Opinions
Why we need a ban on menthol cigarettes
No action the Food and Drug Administration and the Obama administration could take would do more to save lives, reduce health-care costs and curb the tobacco industry’s exploitation of children and minority teens than to ban menthol flavoring in cigarettes.
Consider these findings from a March report by an FDA panel:
l Eighty percent of adolescent African American smokers use menthol cigarettes.
l Most adolescent Hispanic American smokers use menthol cigarettes.
l Most Asian American middle-school smokers use menthol cigarettes.
l Almost half of 12- to 17-year-old smokers use menthol cigarettes (and, as other research has found, more than 90 percent of adult smokers are hooked as teens).
The Family Smoking Prevention and Tobacco Control Act, enacted in 2009, bans flavoring a cigarette with any herb or spice, or strawberry, grape, orange, clove, cinnamon, pineapple, vanilla, coconut, licorice, cocoa, chocolate, cherry or coffee flavor — except for menthol. Why was menthol flavoring not prohibited as we and many public health professionals urged when Congress considered the bill?
Here’s what senior members of Congress told us: If the bill bans menthol flavoring, Philip Morris will withdraw its support and the legislation will not pass. After all, Philip Morris and the other tobacco companies have spent about $20 million a year lobbying for the past 12 years. The tobacco companies also sprinkle campaign contributions to legislators across party lines; last year alone, it gave $1.5 million to Republican members and $800,000 to Democratic members.
The 2009 law did establish a scientific advisory committee to evaluate health issues and make recommendations to the FDA. At our urging, it required the committee to act promptly on menthol flavoring in cigarettes. The committee’s recently issued reportputs the ball of banning such flavoring in the FDA’s court because it concluded that menthol cigarettes have an “adverse impact on public health by increasing the numbers of smokers with resulting premature death and avoidable morbidity.”
Thanks to the committee’s work, we know why Philip Morris, R.J. Reynolds and the rest of the tobacco industry fought so fiercely to keep menthol flavoring in cigarettes. The committee found that menthol reduces “the harshness of smoke and the irritation from nicotine, and may increase the likelihood of nicotine addiction in adolescents . . . who experiment with smoking.” The committee charged the industry with exploiting teens and children: “[I]ndustry documents . . . confirm that the industry developed menthol marketing to appeal to youth.” While aiming this charge specifically at the Newport brand, the committee found “that strategy was also adopted by other tobacco companies. Marketing messages positioned menthol cigarettes as an attractive starter product for new smokers who are unaccustomed to intense tobacco taste. . . .” The committee noted that “adolescent menthol cigarette smokers are more dependent on nicotine than adolescent non-menthol cigarette smokers.”
The committee also found that the tobacco industry cynically targeted black people and “developed specialized brands and tailored marketing strategies to promote menthol cigarettes to African Americans”; that “menthol cigarettes are disproportionately marketed per capita to African Americans”; as a result, “menthol cigarettes are disproportionately smoked by African American smokers.”

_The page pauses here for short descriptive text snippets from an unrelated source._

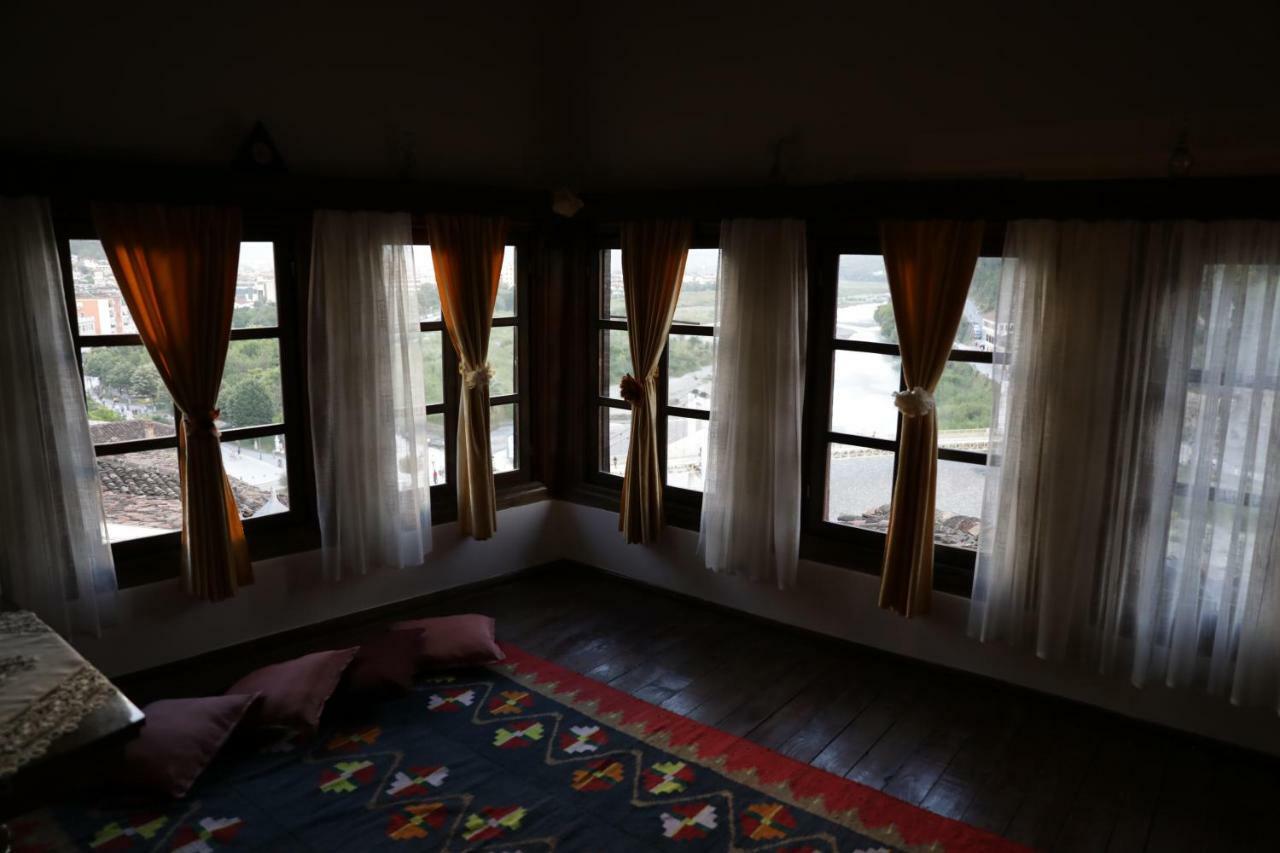 Guest House Mikel Berat Luaran gambar
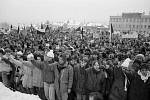 V Jabloneci nad Nisou se konala generální stávka 27. listopadu. Horní, tehdy Rudé náměstí, bylo ten den zcela zaplněné, protestovali dělníci, pracující inteligence i studenti.
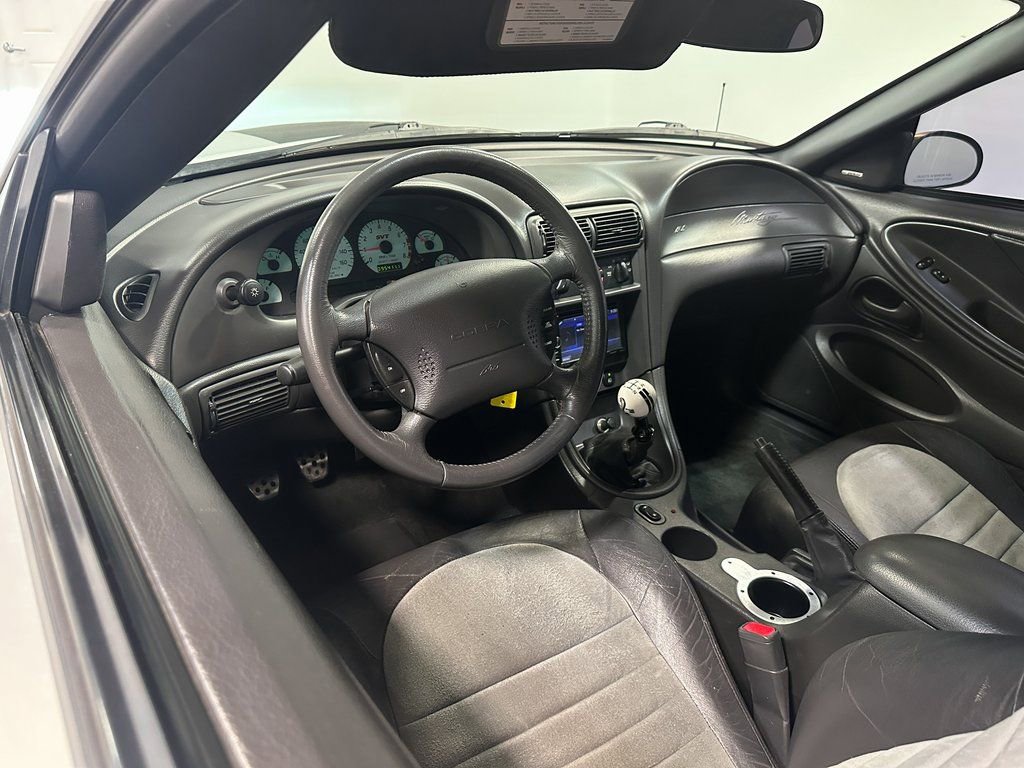Used 2001 Ford Mustang Cobra image 3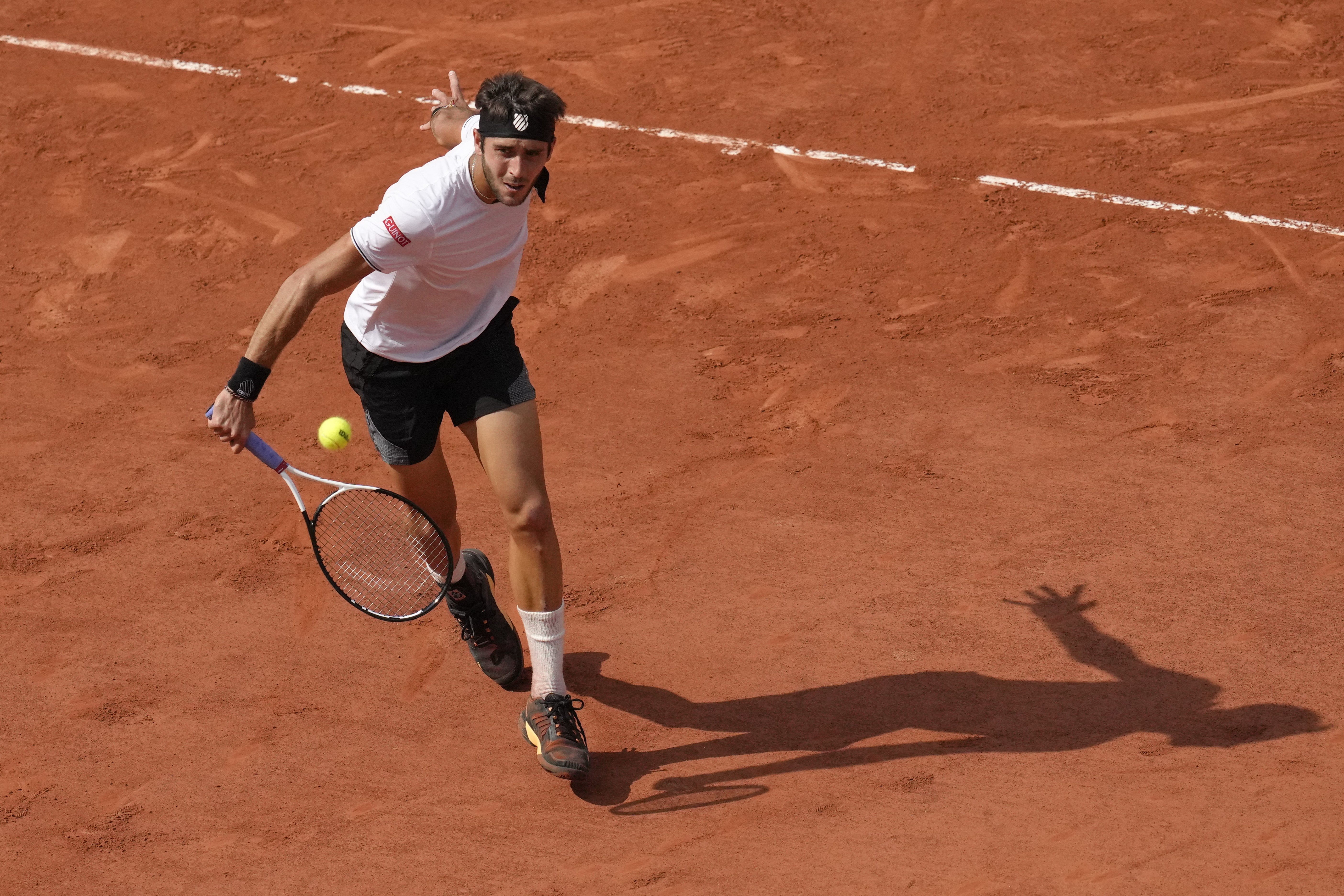 法网逆转拉沃尔杯，兹维列夫点燃赛场的简单介绍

More than 80 percent of black smokers use menthol cigarettes, compared with 24 percent of white smokers. More than 47,000 black Americans die each year from smoking-related diseases. More black women get lung cancer than get breast cancer, and black men are 50 percent more likely to get lung cancer than white men are.
Lorillard (maker of Newport, Kent and others) and R.J. Reynolds have gone to court to block the FDA from considering the committee’s report. They allege that the membership of the committee “lacks fair balance.” That the tobacco companies would question the integrity of committee members after having been found by a U.S. district judge to have lied to the American public for 50 years about the health hazards of smoking is beyond chutzpah.
The FDA response to the committee’s recommendation will be a test of the Obama administration’s commitment to health care and reducing its costs. In the Tobacco Control Act, Congress found: “Reducing the use of tobacco by minors by 50 percent would prevent well over 10 million of today’s children from becoming regular, daily smokers,” and “Such a reduction in youth smoking would also result in approximately $75 billion in savings attributable to reduced health care costs.”
A ban on menthol flavoring in cigarettes would be a slam-dunk for an administration that trumpets its commitment to cutting health-care costs and protecting children.
Joseph A. Califano Jr. is founder and chairman of the National Center on Addiction and Substance Abuse at Columbia University. He was secretary of health, education and welfare during the Carter administration. Louis W. Sullivan is president emeritus of the Morehouse School of Medicine. He was secretary of health and human services under President George H.W. Bush.